We say a rectangular region in the picture shows a constellation if the following two conditions are satisfied.

• There is no white pixel in the rectangular region.
• There are two or more yellow pixels in the rectangular region.

JOI-kun is tired with watching constellations. By painting some yellow pixels into black, he wants to make a picture such that no rectangular region shows a constellation. However, the picture becomes unnatural if he paints many yellow pixels. More precisely, if he paints the $j$-th yellow pixel $(1\le j\le M)$ into black, then the unnatural level of the picture is increased by $C_j$. Initially the picture has unnatural level $0$.

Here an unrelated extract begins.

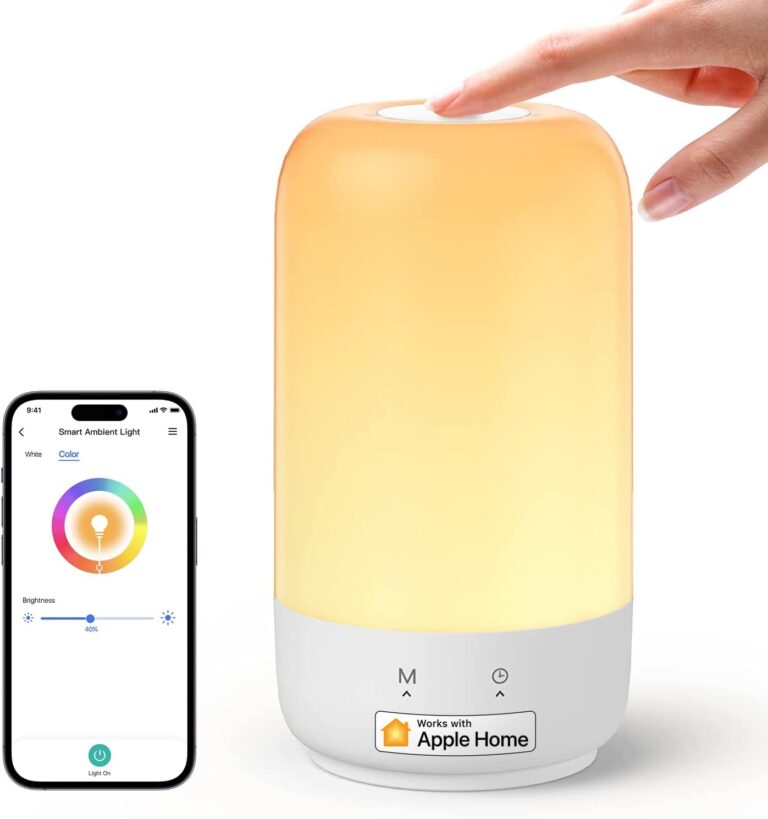 La Meilleure Veilleuse Connectée : Découvrez la Meross LED qui Répond à Vos Commandes Vocales !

Write a program which, given the information of the picture and the integer for each yellow pixel which describes how much the unnatural level is increased if the pixel is painted into black, calculates the minimum unnatural level of the picture after painting some yellow pixels such that no rectangular region shows a constellation.

Input Specification

$N$

$A_1\dots A_N$

$M$

$X_1{Y}_1{C}_1$

$\dots$

$X_M{Y}_M{C}_M$

Output Specification

Output the minimum unnatural level of the picture after painting some yellow pixels such that no rectangular region shows a constellation.

Constraints

$1\le N\le 2\times {10}^5$.

$1\le A_i\le N$ $(1\le i\le N)$.

$1\le M\le 2\times {10}^5$.

$1\le X_j\le N$ $(1\le j\le M)$.

$1\le Y_j\le N$ $(1\le j\le M)$.

$1\le C_j\le {10}^9$ $(1\le j\le M)$.

$A_{X_j}<Y_j$ $(1\le j\le M)$.

$(X_j,Y_j)\ne (X_k,Y_k)$ $(1\le j<k\le M)$.

Subtasks

1. (14 points) $N\le 300$, $M\le 300$.
2. (21 points) $N\le 2\times {10}^3$, $M\le 2\times {10}^3$.
3. (65 points) No additional constraints.

Sample Input 1

5
1 3 4 2 3
3
1 5 3
4 3 2
2 4 2

Sample Output 1

2

Explanation for Sample 1

In this sample input, the rectangular region whose left-top vertex is the pixel $(1,5)$ and right-bottom vertex is the pixel $(2,4)$ shows a constellation. If JOI-kun paints the third yellow pixel into black, then the unnatural level of the picture is increased by $2$ and no rectangular region in the picture shows a constellation. Since this is the minimum value, output $2$. Figure 1 is the picture of this sample input.

Sample Input 2

7
5 6 2 3 6 7 6
5
7 7 5
3 3 7
3 7 10
1 7 6
4 7 8

Sample Output 2

16

Explanation for Sample 2

In this sample input, it is optimal to paint the third yellow pixel and the fourth one.

Sample Input 3

8
6 8 5 7 3 4 2 1
10
8 2 9
6 6 7
8 3 18
5 8 17
8 5 3
5 5 3
5 4 8
1 8 13
1 7 5
7 4 13

Sample Output 3

44